— WHAT NEEDS TO BE DONE —
For this exercise, write out the whole listing below exactly, omitting its images.

— EXERCISE DATA —
○ ○ ○ ○ ○

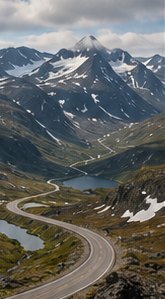 Jotunheimen
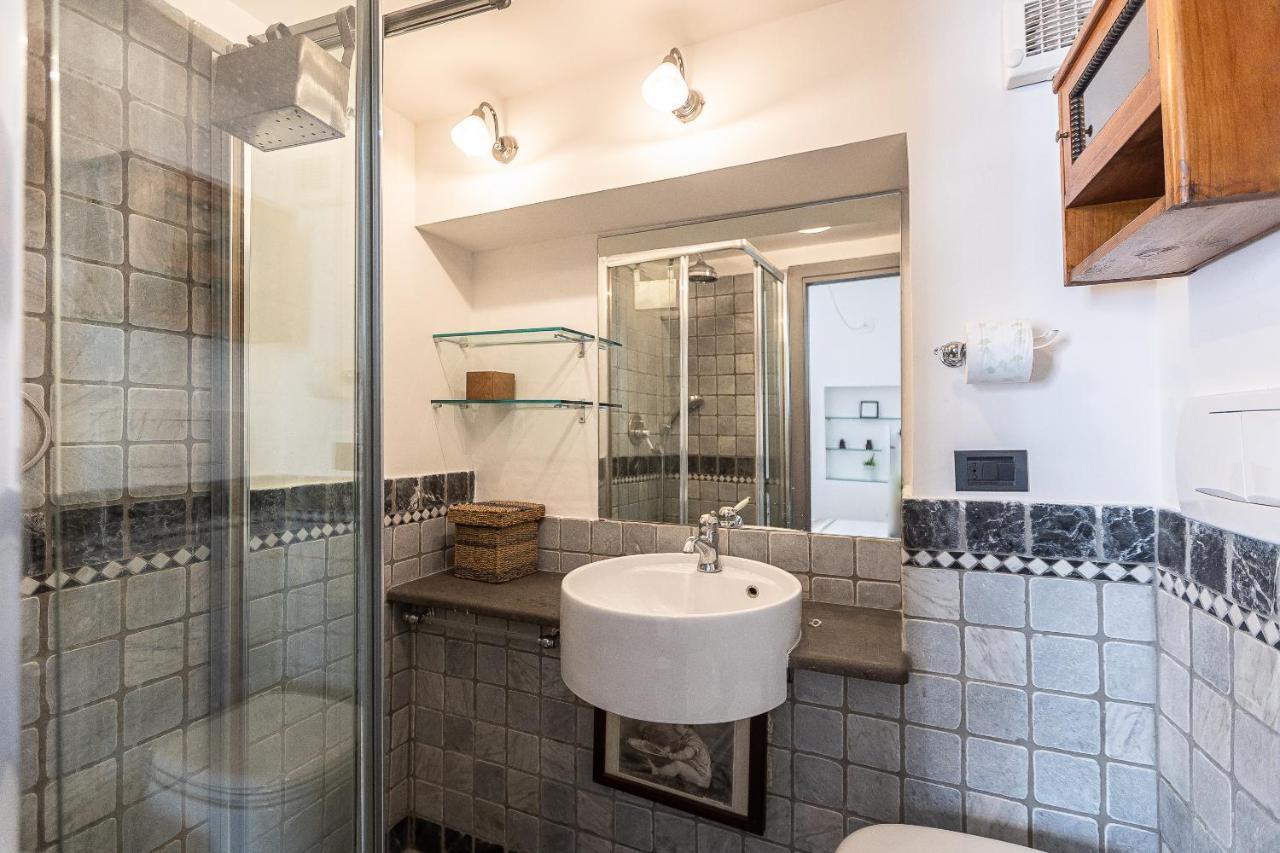 Lungaretta By Rental In Rome Exterior photo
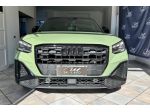 AUDI Q2 Q2 35 TFSI S tronic S line Edition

○ ○ ○ ○ ○

— SOLUTION TO THIS EXERCISE —
 Jotunheimen
 Lungaretta By Rental In Rome Exterior photo
 AUDI Q2 Q2 35 TFSI S tronic S line Edition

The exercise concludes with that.